Special Needs Parenting: Two Kids, Two Schools
Kara Melissa
International school teacher turned stay-at-home mom. World traveller, food maker, writer, quilt maker, dreamer, activist, advocate, and part-time...
She’s attending senior kindergarten this year at our neighborhood school, which for us is directly across the street.
It would be her first time at school so we were all very excited, especially her big brother Sebastian. He’s going into Grade 4, so he knows how much fun school can be.
The school has an elevator, so Sebastian was looking forward to enjoying the tour too.
It took us up all three levels of the school to a view of the CN Tower and the downtown skyline, visible from one of the hallways.It seemed quite spectacular for the other little boy on the tour, new to our neighborhood. I’m one of those moms that wants a tour so I know where my kid is going to spend her days.
I also want my daughter to feel comfortable and ready for goodbyes on day one, knowing where she would be going once inside the building with her new teacher and peers.
Tallula’s kindergarten classroom is on the main floor, but there are steps down to both the gym and the music classroom. Therefore, despite having an elevator, the school is not fully accessible.
Aside from the lack of accessibility, it also has no nursing or the additional academic supports and support staff that Sebastian needs for his epilepsy medications and g-tube feeds, so he cannot attend our neighborhood school with his sister.He cannot be the big brother on campus for her to say hi to on the playground. He can’t come home for lunch like his sister can either. His presence is absent, as are any children with wheelchairs or other physical accommodations.
I believe that a part of Tallula’s own identity, that of a sibling of a child with a disability, will also become something that is not a part of her learning experience at school. Yet it makes up a big part of who she is.
Her peers won’t have the experience of knowing someone with a physical disability at school either. I often wonder how this will affect her relationships with them as well as her brother over time.We have lived in this neighborhood for four years; I have visited several schools in the city we live in, hoping to find a school that could accommodate both of my children, even if it meant moving to a new neighborhood.
I so badly want them to go the same school. Sebastian goes to a school a bus ride away, in a congregated setting for kids with disabilities and medical needs.
I strongly believe in and advocate for inclusion; without it, how will society change?
But over the past two years I have had to come to terms that inclusion in our school district is not possible on the level that Sebastian needs.Most schools, like our neighborhood school, cannot provide the kind of care, or accessibility, his school can provide for him. Sebastian’s school has a phenomenal music program and a pool, which are both really important for him.

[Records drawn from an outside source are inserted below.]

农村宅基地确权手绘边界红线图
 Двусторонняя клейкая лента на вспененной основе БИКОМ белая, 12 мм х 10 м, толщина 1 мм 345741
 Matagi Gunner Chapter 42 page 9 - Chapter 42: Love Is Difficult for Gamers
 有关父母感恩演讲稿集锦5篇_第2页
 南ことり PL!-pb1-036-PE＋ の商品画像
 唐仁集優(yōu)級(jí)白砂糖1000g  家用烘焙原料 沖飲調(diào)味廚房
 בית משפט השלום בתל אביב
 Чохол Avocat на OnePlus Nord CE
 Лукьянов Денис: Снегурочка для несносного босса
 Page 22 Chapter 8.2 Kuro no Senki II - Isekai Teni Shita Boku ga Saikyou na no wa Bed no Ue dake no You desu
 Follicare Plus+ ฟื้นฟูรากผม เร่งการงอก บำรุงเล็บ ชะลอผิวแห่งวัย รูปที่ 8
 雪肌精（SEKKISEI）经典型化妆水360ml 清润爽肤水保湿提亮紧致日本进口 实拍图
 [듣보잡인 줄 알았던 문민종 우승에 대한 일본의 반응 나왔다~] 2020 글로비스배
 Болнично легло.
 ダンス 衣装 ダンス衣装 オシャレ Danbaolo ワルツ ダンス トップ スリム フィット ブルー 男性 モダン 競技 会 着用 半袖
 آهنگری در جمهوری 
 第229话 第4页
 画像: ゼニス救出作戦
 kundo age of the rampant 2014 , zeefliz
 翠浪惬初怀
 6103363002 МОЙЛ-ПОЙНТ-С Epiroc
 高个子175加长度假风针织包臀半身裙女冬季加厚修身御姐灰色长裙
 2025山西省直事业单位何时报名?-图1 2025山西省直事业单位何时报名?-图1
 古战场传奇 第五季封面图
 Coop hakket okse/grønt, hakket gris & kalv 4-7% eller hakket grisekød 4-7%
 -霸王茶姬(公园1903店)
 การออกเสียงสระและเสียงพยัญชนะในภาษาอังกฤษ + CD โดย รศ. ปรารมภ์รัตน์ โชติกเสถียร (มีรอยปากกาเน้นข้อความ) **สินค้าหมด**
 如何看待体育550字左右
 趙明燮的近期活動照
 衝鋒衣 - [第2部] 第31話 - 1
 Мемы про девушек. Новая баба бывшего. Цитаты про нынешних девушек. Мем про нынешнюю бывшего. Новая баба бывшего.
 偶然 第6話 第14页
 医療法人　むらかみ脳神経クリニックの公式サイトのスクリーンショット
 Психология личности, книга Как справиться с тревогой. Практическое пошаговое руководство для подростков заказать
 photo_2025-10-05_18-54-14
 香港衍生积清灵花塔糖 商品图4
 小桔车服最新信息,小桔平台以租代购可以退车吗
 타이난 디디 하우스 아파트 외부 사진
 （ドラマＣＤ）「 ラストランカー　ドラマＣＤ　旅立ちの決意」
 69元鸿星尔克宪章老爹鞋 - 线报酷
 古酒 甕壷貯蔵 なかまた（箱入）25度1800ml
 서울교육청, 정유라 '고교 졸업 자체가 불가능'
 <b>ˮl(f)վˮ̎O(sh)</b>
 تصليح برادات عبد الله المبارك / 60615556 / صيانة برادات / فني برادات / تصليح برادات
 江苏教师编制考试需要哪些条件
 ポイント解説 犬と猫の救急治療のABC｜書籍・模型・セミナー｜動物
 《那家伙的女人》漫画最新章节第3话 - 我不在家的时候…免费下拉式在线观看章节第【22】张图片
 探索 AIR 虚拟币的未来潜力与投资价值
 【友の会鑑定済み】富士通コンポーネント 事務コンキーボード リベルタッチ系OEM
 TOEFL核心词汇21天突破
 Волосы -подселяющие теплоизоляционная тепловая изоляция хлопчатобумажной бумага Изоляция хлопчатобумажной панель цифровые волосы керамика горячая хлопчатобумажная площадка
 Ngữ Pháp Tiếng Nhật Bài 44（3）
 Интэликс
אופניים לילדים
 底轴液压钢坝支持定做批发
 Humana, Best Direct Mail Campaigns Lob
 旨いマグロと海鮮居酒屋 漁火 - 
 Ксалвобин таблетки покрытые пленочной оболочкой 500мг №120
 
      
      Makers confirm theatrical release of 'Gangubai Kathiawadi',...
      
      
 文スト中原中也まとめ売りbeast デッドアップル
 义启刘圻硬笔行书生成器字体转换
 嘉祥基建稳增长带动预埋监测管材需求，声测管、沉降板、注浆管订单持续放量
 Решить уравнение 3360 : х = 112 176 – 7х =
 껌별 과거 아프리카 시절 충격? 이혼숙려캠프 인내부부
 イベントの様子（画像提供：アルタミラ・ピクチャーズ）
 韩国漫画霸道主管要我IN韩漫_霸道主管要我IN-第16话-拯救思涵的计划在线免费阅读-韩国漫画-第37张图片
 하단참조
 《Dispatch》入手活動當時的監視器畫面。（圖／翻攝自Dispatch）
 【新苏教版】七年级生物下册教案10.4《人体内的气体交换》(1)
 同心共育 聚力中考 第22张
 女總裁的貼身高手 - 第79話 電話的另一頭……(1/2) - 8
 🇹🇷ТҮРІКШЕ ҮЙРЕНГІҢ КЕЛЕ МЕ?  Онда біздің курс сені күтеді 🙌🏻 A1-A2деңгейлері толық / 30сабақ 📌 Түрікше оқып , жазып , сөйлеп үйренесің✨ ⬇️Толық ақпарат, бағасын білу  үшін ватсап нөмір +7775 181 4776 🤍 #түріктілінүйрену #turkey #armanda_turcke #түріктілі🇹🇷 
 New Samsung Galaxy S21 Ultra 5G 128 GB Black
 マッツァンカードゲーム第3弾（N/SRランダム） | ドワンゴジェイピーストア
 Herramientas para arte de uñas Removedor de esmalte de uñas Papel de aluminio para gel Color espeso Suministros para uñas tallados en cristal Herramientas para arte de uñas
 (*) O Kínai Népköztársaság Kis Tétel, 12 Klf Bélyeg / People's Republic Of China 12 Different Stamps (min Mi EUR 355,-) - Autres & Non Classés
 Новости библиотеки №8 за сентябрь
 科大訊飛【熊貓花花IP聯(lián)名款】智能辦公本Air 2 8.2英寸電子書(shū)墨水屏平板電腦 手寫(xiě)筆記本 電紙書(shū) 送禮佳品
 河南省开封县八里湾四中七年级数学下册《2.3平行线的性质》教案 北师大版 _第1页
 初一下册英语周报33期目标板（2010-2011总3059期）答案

The other schools I had visited, which could potentially accommodate both of my children, had neither.
After we toured Tallula’s new school and discovered that they have a music and drama program, and even met the drama/dance teacher, I was really excited for her year ahead.
I thought, "This is going to work. Both of my kids are going to get what they need to thrive at school, even if it’s not at the same school."
I felt that I would be ok with my kids going to different schools because I really believe that the programs at each one support my kids in the ways they need and that will help them grow.I have had to accept that life doesn’t always coincide with my educational philosophy or what I had imagined for my family.
But later that afternoon I received Sebastian’s bus pick-up and drop-off times - which would add an hour each way to his school day - suddenly I felt deflated rather than hopeful.
The sense of discrimination we often deal with in all facets of our daily lives, crept slowly back in, determined to sour the first days of school.